Tanja Lahti (Finland) spoke about the IT solutions that have been created in relation to Helsinki. Everything started with the Helsinki Infoshare project of 2013, with which the city gave large amounts of data in public use, which allows people to create new and interesting e-services. Approximately 900 IT solutions have been created as a result of this. These services can be used free of charge, as they were created using data collected for taxpayers’ money. For example, there is an application that can be used to quickly book and use premises and equipment belonging to the City of Helsinki. You’d like to try a sport, but don’t have the equipment? You’d like to try producing something, but don’t have the tools? You need to hold a meeting, but don’t have a meeting room? www.varaamo.hel.fi is the site that helps people with entrepreneurial spirit realise their plans with the help of the City of Helsinki. Many solutions are tested in the Kalasatama district, which has been nicknamed Smart Kalasatama.
Myrsini Glinos (Sweden) introduced an initiative called eGovlab, which also focuses on using the data collected from the population for the creation of a smarter urban environment. Hackathons are organised to find and develop brilliant ideas.
PSII was the winner at the hackathon and idea presentation Latitude59
The Open & Big Data Hackathon was held jointly with Garage48 and the participants also worked on solutions related to eGovernance. The Creative Entrepreneurship Academy gave out its awards. The first prize and the possibility to present their ideas to investors at the Latitude59 technology conference went to PSII (Personal Sensitive Identifiable Information), whose goal is to find sensitive personal information from public document registers and thereby help the state handle the data of its citizens more carefully. In the light of the impending amendments to European Union directives, this is also a subject that will become important for all Member States.
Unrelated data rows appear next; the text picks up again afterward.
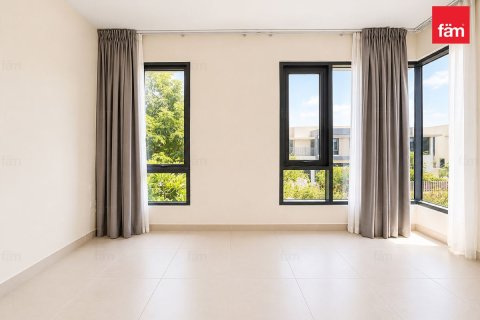 Villa in Dubai Hills Estate, Dubai 4 bedrooms, 201.7 sq.m. № 124289 - photo 3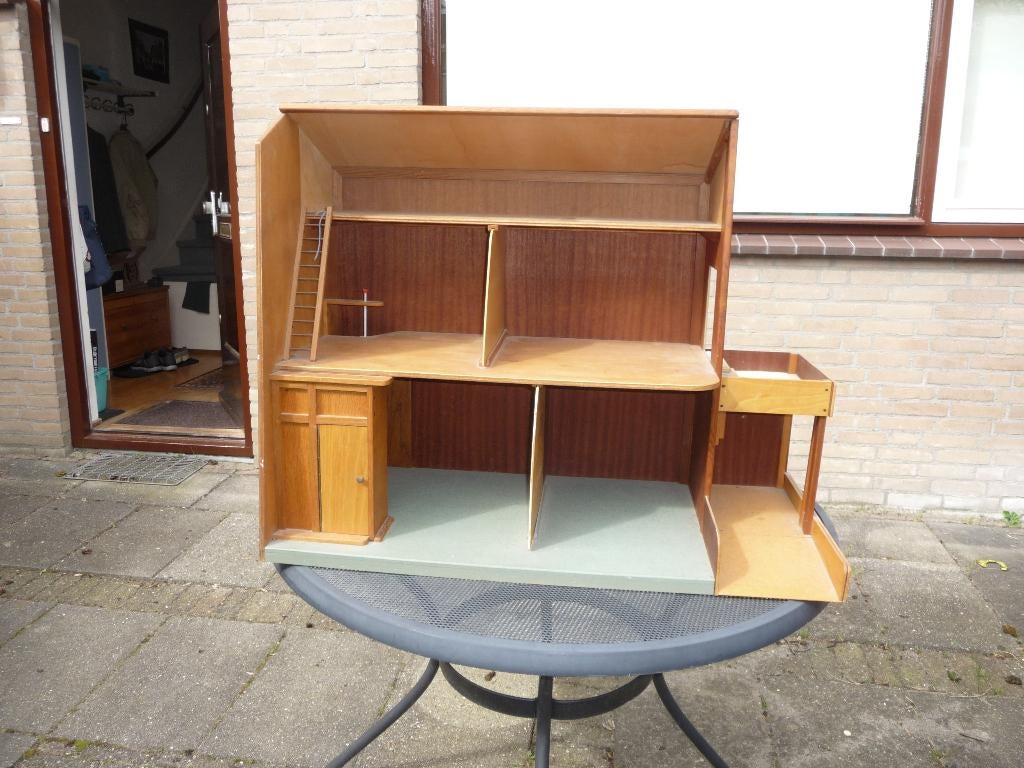 poppenhuis- en wieg, Ophalen, Gebruikt, Overige kleuren, Jongetje of Meisje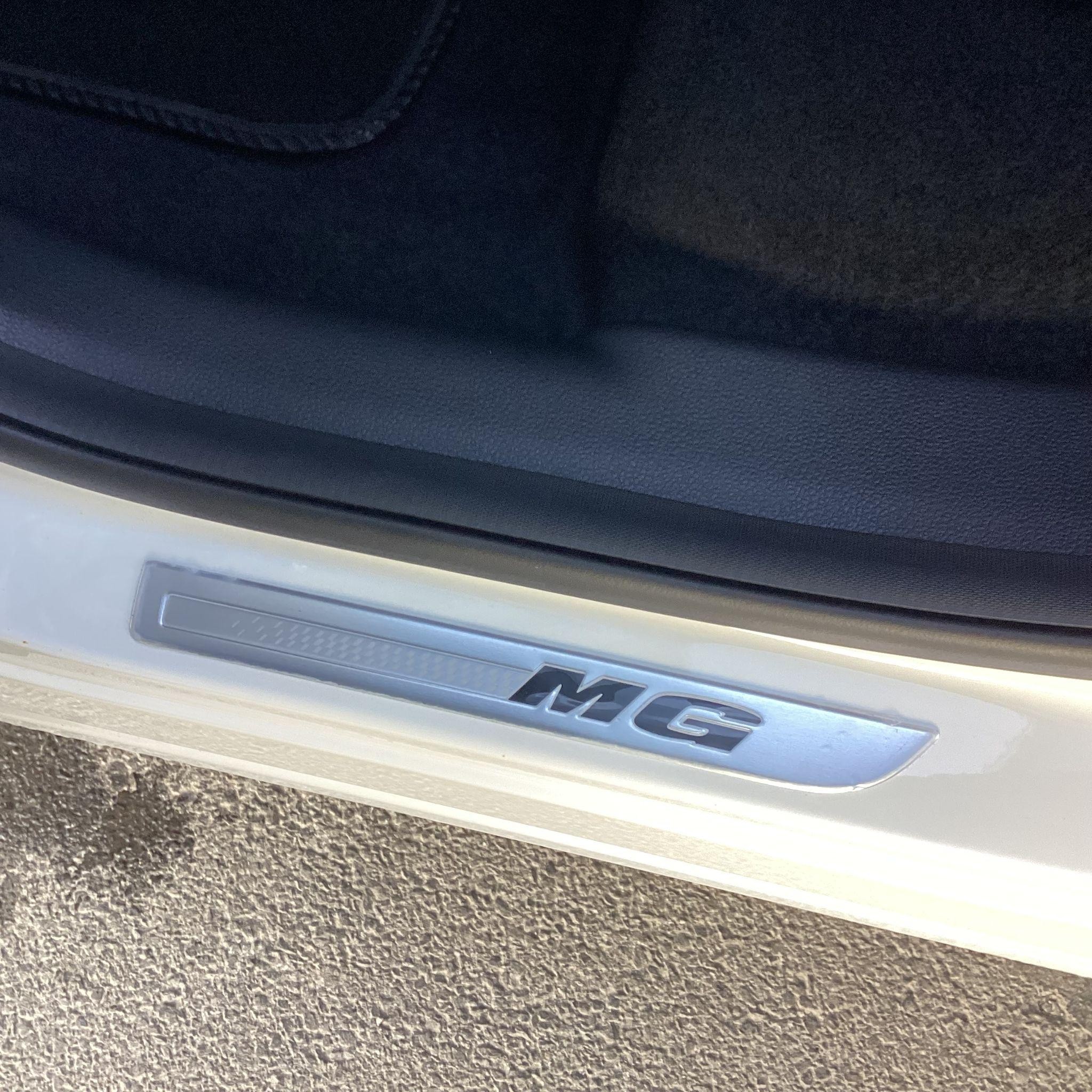 MG HS Plug-In Hybrid Image 23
PSII was also successful at Latitude59, where the team’s idea was also declared the best by the investors. The second prize of the Creative Entrepreneurship Academy at the Garage48 hackathon went the team called Smart Mobility, whose idea will improve the planning of road construction, traffic, etc., in cities.
After the hackathon (and before Latitude59), everyone who attended the Academy has the opportunity to polish their business models in the boot camp under the guidance of mentors Markko Karu, Juko-Mart Kõlar and Gleb Maltsev.
We hope that the participants found some inspiration, new knowledge and good contacts at the Academy!